While the temptation is to use a standard response which covers all aspects of a topic, you should approach each question as if it is the first time it has been written.
Ask yourself what has been requested, why it has been requested and what information you have to give before selecting the text you have which might be suitable.
Writing bids and tenders is a skill which does not come naturally to most people, particularly those who come from technical disciplines.
An in-house training course is a cost-effective way of improving the quality of bids and increasing win rates, without engaging additional resources.
Once trained, staff are confident and skilled at producing highly relevant responses in a time-efficient way. This also means more people are willing to contribute to the documents.
At interview, the client is looking for evidence of a cohesive team which will work together and not a group of individuals who are only interested in their own area of expertise.
When preparing for a tender interview, make sure everyone in the presentation team is familiar with all aspects of the tender document.
This approach will help the team to direct questions confidently among themselves. It also avoids one person’s answer conflicting with another person’s.
ISO certification such as 9001 (quality management), 14001 (environmental management) and 27001 (information security management) used to be seen as an added value item when tendering and gained additional marks.
As more companies gain these certificates, many clients now expect them and deduct marks from those which do not have them.
To maximise the impact of your ISO certification, describe the benefits that implementation of the various standards has brought to your clients.
Where a client asks for certain capabilities or qualifications, it is foolish to submit a response which lacks these.
If necessary, ask the client to confirm that they are essential and also make suggestions about alternative resources before submitting the document.
If this is not acceptable, consider outsourcing one or two elements of the work or engaging a consultant advisor as part of the project team to ensure you comply.
It is normal to include staff photographs on CVs which are submitted with bid, proposal and tender documents.
A good head and shoulders shot is all that is required but you should ensure these are up-to-date and look professional.
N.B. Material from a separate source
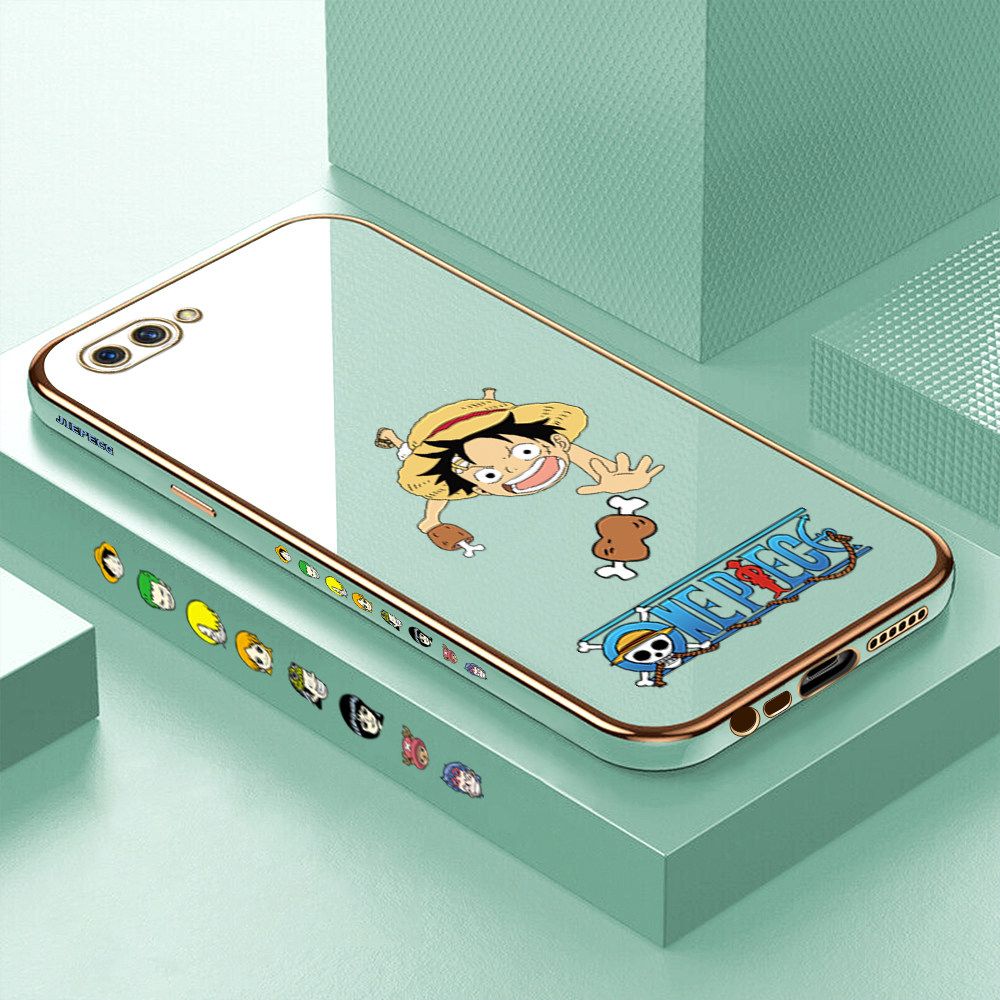 Luxury 6D Plating Case for OPPO A12E Gluttonous Cartoon Luffy Side Pattern Back Cover Soft Silicone Square Frame Shiny Bling Phone Cases + Free Lanyard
If you present an assortment of selfies and outdated images, the client will probably form an undesirable opinion about your delivery team.
Many people think they have been unfairly evaluated because they were not awarded high marks, despite being able to do the job.
Being able to do a job is not enough to score well. You must write down everything that is needed to convey the right information.
Analyse your responses critically and compare them to others before making a judgement.
Resist the temptation to include standard promotional text in proposals or to provide details of additional services which are available.
Your proposal should be tailored so that it focuses on the client, their project and their needs.
Any generic marketing material and sales statements are likely to be ignored or viewed in a negative light.
A flow chart is a great way to show potential clients the key stages in a complex process.
The flow chart should be clear and detailed yet not contain so much information that makes it difficult to digest.
Ensure you include all steps which are relevant to the contract such as feedback or continuous improvement.
This is not always the case as many evaluators are time-poor and others may have been drafted in at short notice.
Being aware of this will help avoid embarrassing the evaluators and allow you additional opportunities to highlight your key messages.
Clients often give clues about the level of detail they require in their ITT documents however many respondents miss them.
If questions include words such as “describe”, “explain” or “step-by-step”, you should write a descriptive response.
Where questions simply ask for “confirmation”, more concise answers are likely to be appropriate.
As you read the client’s questions, you should try to read between the lines to interpret their requirements.
Think about why they might be asking the questions, what they might be looking for and which elements of your service they would value.
By answering these questions you will formulate comprehensive and persuasive responses.